**EXERCISE**
What should you transcribe? Every line from the top of the records below through the line with "Ruched sheer mesh", exactly, and no pictures.

□ □ □ □

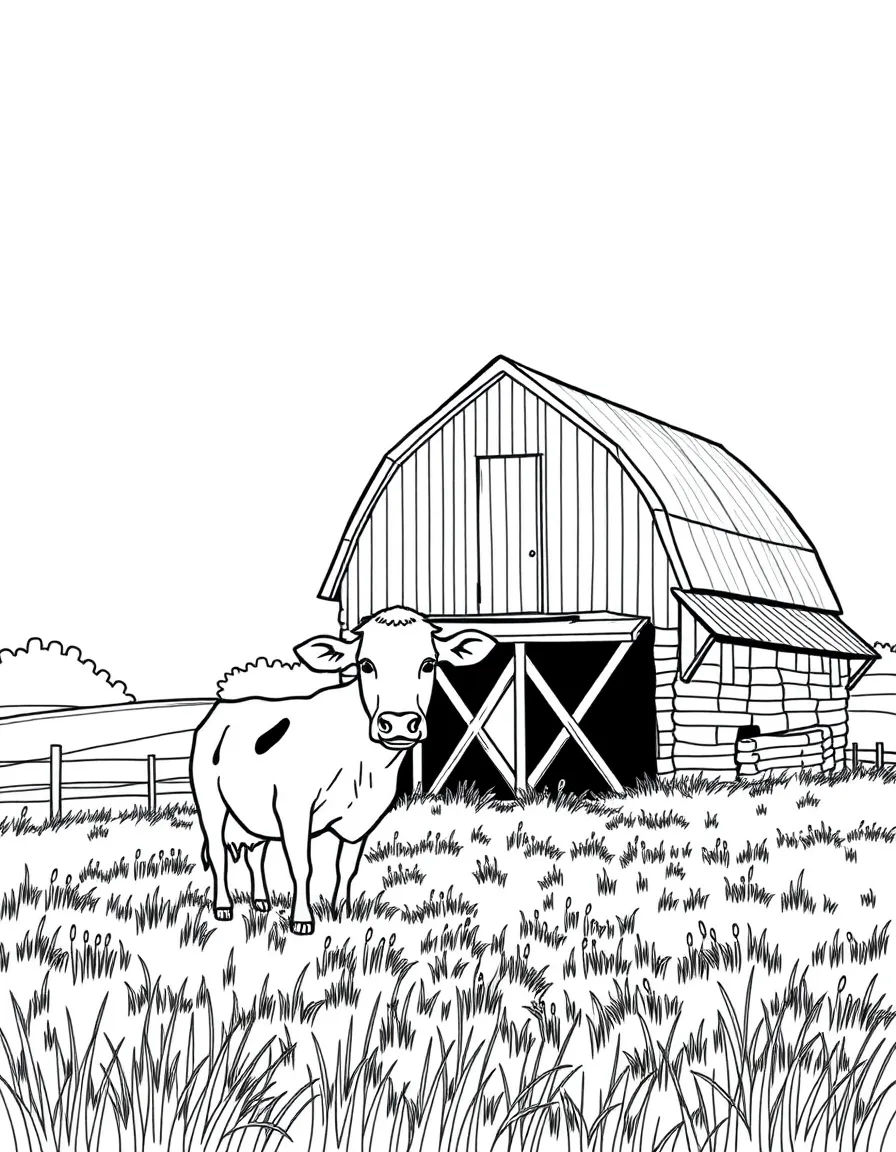 (New York) Upstate barn and cow in a field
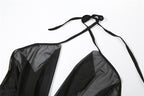 Ruched sheer mesh solid halter self tie backless 3 piece maxi dress
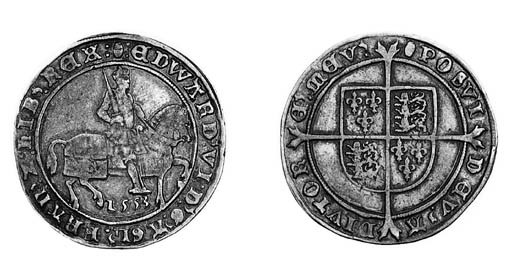 Edward VI, third period, Halfcrown, 1553, m.m. tun, king on large walking horse right, without plume, date below, rev. long cross fourchée over shield (N.1936; S.2481), lightly tooled in obverse field, otherwise very fine with exceptional detail on the horseman for this piece, extremely rare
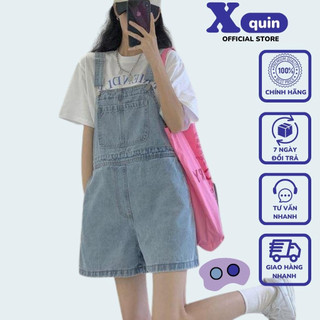 Yếm short jeans ống rộng phong cách Hàn Quốc Xquin, Quần sọt yếm nữ 2 dây phối túi trước cực xinh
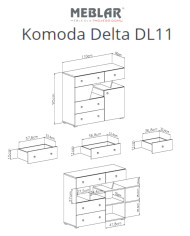 Komoda Delta DL11, drzwi, szuflady, wnęka regałowa, Dąb/ Antracyt, MEBLAR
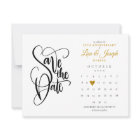 50th Anniversary Save the Date Calendar Gold Heart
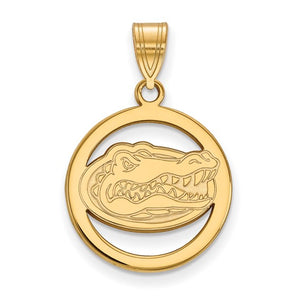 Sterling Silver Gold-plated LogoArt University of Florida Gator Medium Circle Pendant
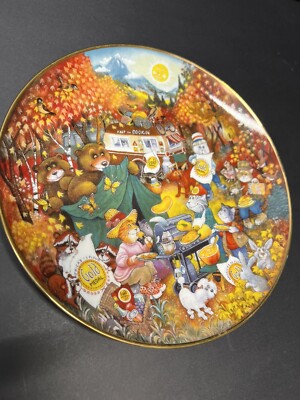 Franklin Mint Bill Bell Cat Porcelain Plate  Flapjack Feast 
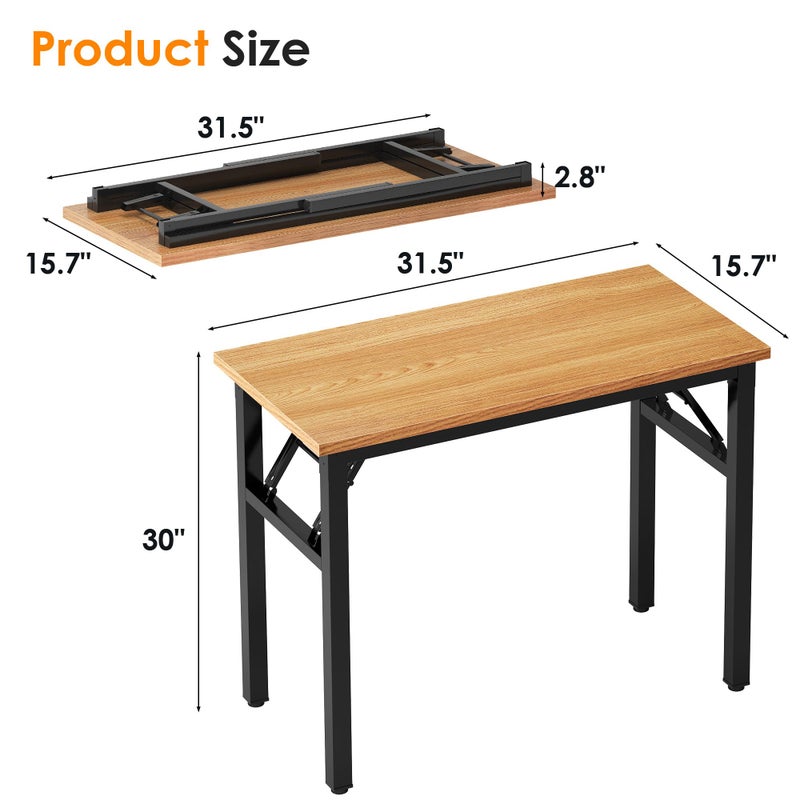 Need Folding Computer Desk - 31.5 Inch Foldable Office Writing Work Study Kids Student Teacher Home Bedroom Table for Small Space, Teak & Black - Image 4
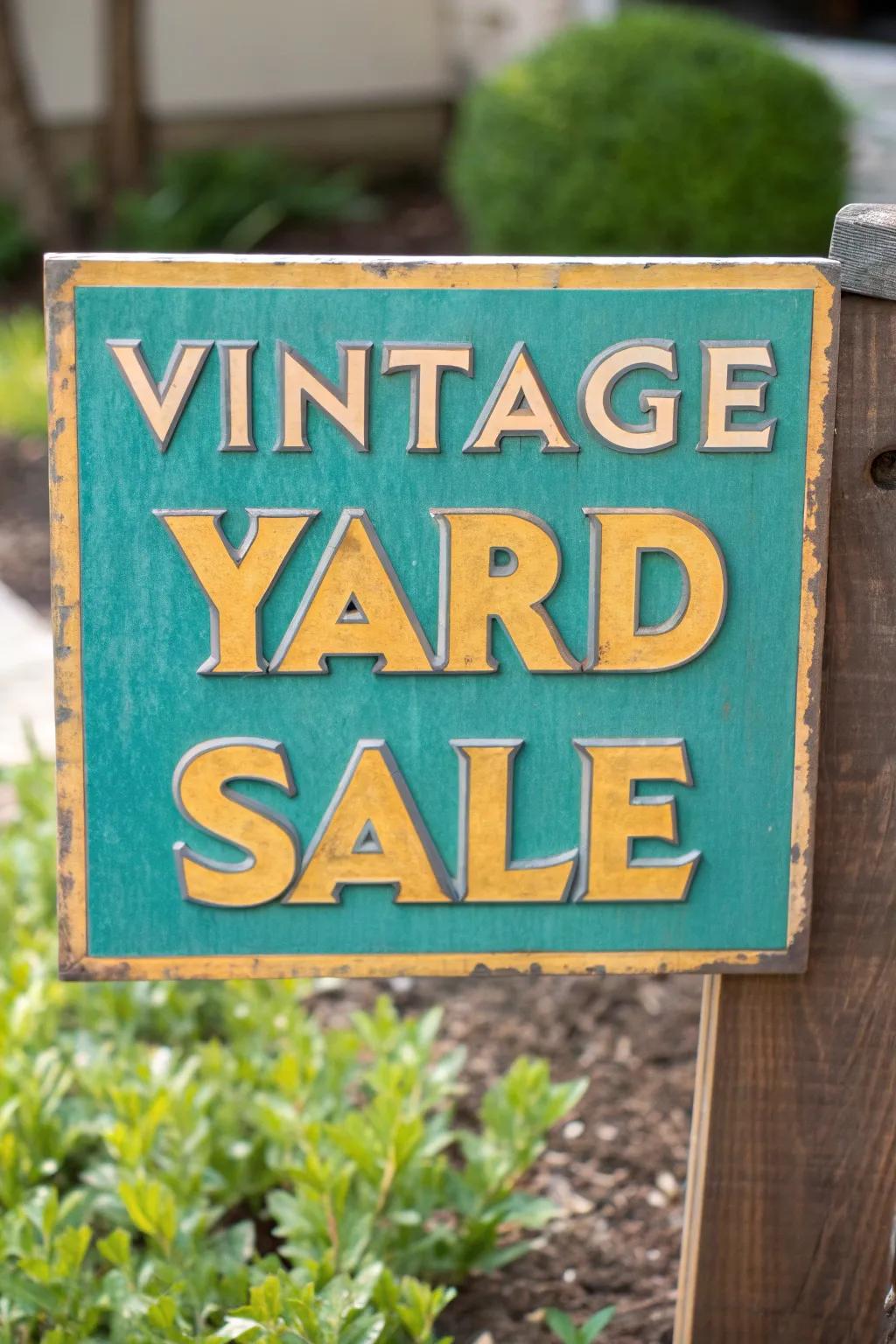 Turn back time with vintage charm at your next yard sale.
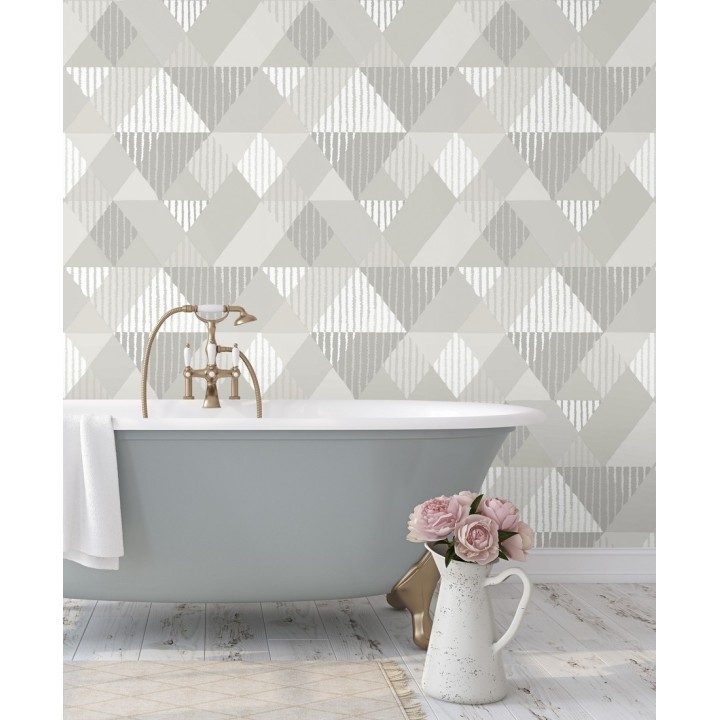 Papel pintado geométrico rombos y rayas - Harper 679701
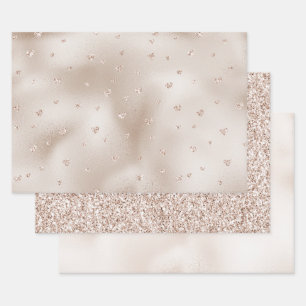 Champagne Glam Blush Glitter Hearts    Wrapping Paper Sheet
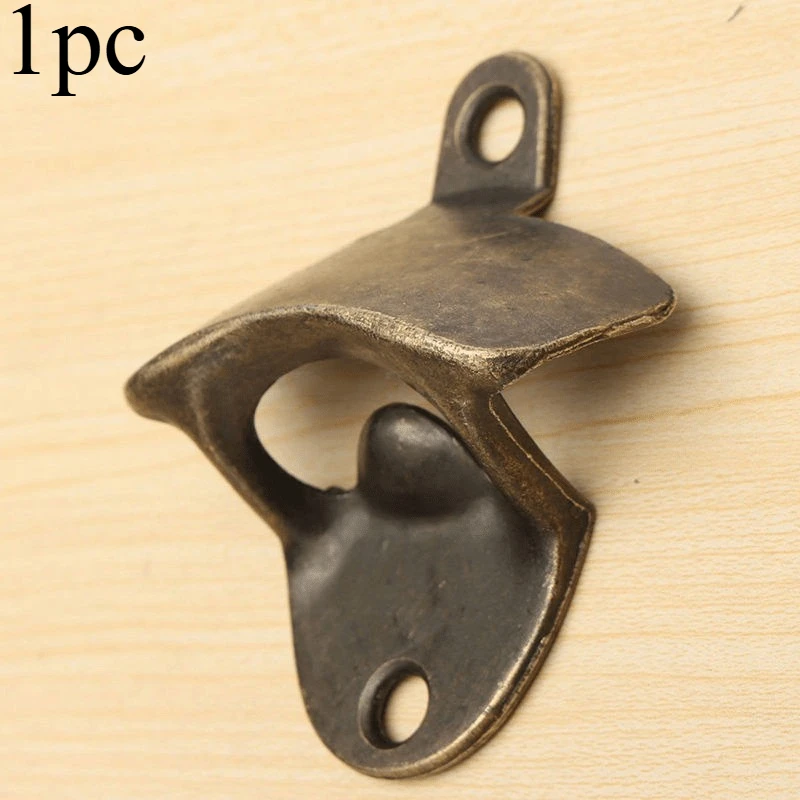 1pc Cast Iron Kitchen Bottle Open Wall Mount Opener, Rustic Beer copper Decorator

□ □ □ □

**EXPECTED ANSWER**
 (New York) Upstate barn and cow in a field
 Ruched sheer mesh solid halter self tie backless 3 piece maxi dress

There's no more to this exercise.